Strategic Management Assignment Analysing Unique Challenges Of Global Strategy
Task: Prepare a strategic management assignment identifying and analysing the unique challenges of international strategic management. Use company examples to illustrate these challenges in practice.
The concept of international strategic management discussed within the strategic management assignment refers to the development of new strategies for permitting the organization to expand abroad and to compete internationally. It ensures that an organisation can enter within a specific market efficiently and is also able to operate for the long term. International strategic planning is mainly utilized for the procedure of developing a particular international strategy. It mainly determines the strategies for international operations partnership and allows the achievement of goals and business objectives. Companies such as John Lewis and Tesco Plc operating within the UK are highly focused on international expansion to gain high market value. Similarly, brands such as Walmart operate in different markets but requires proper strategic actions for dealing with various situations and conditions in different countries. This study deals with the presentation of various international strategic management challenges for global operations and the ways by which they can be managed.
Challenges of international strategic management
The various challenges of International strategic management have been stated as follows:
Currency rates: Currency rate fluctuation is one of the biggest challenges to be considered in international strategic management, especially for brands operating in countries with different political situations.
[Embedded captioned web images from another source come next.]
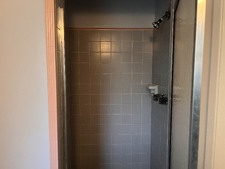 Enlarge photo 32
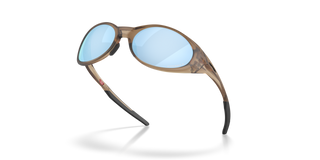 EYE JACKET REDUX - BROWN SMOKE / PRIZM BLUE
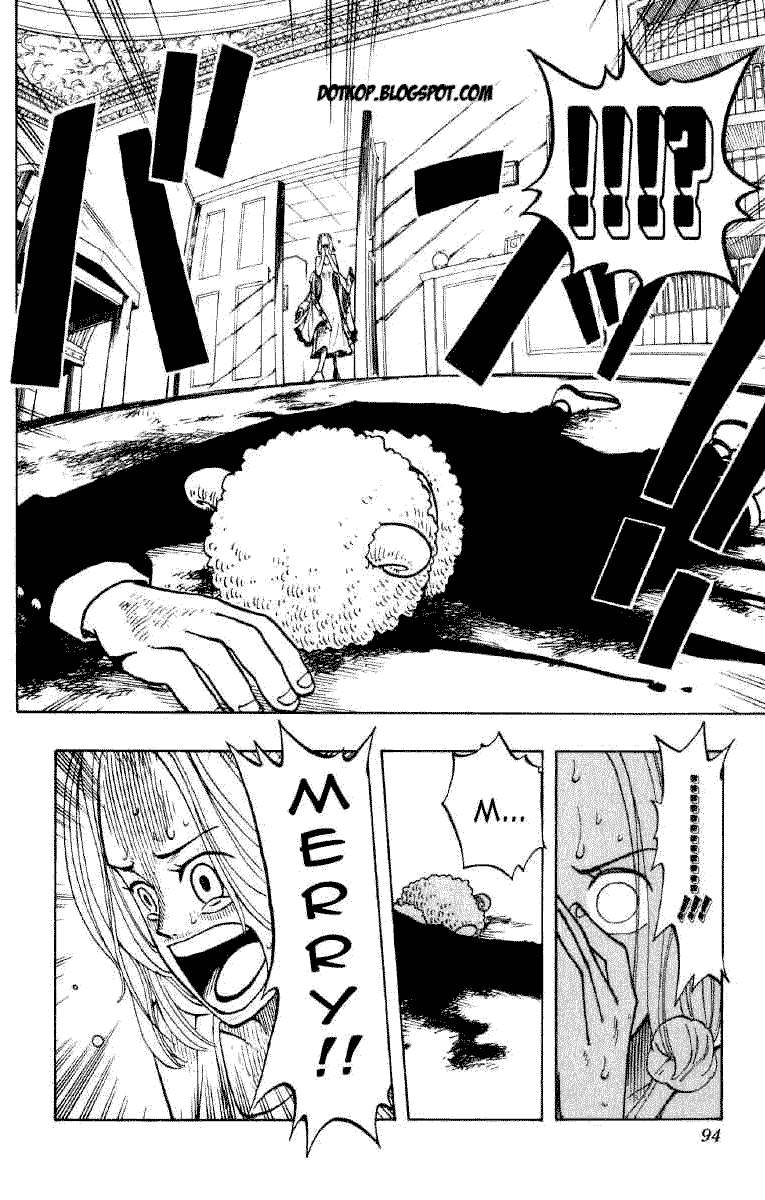 One Piece Chapter 31 - https://gambar-id.komiku.org/wp-content/uploads/788410-4.jpg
Monopoly and duopoly cultures contribute to significant differences in currency management and transactions (Erkoc et al. 2018). Specifically, countries such as China and Bhutan that operate on monarchical rule have different financial regulations than that of other countries such as the UK and USA which leads to issues with proper currency management. Therefore, there is a need for constant monitoring of the exchange rates of currencies as a sudden rise or fall in values could lead to significant losses for international businesses (Lewis, et al, 2019). However, small fluctuations do not have any impact and the development of the Free Trade Agreement (FTA) further decreases impacts on costs.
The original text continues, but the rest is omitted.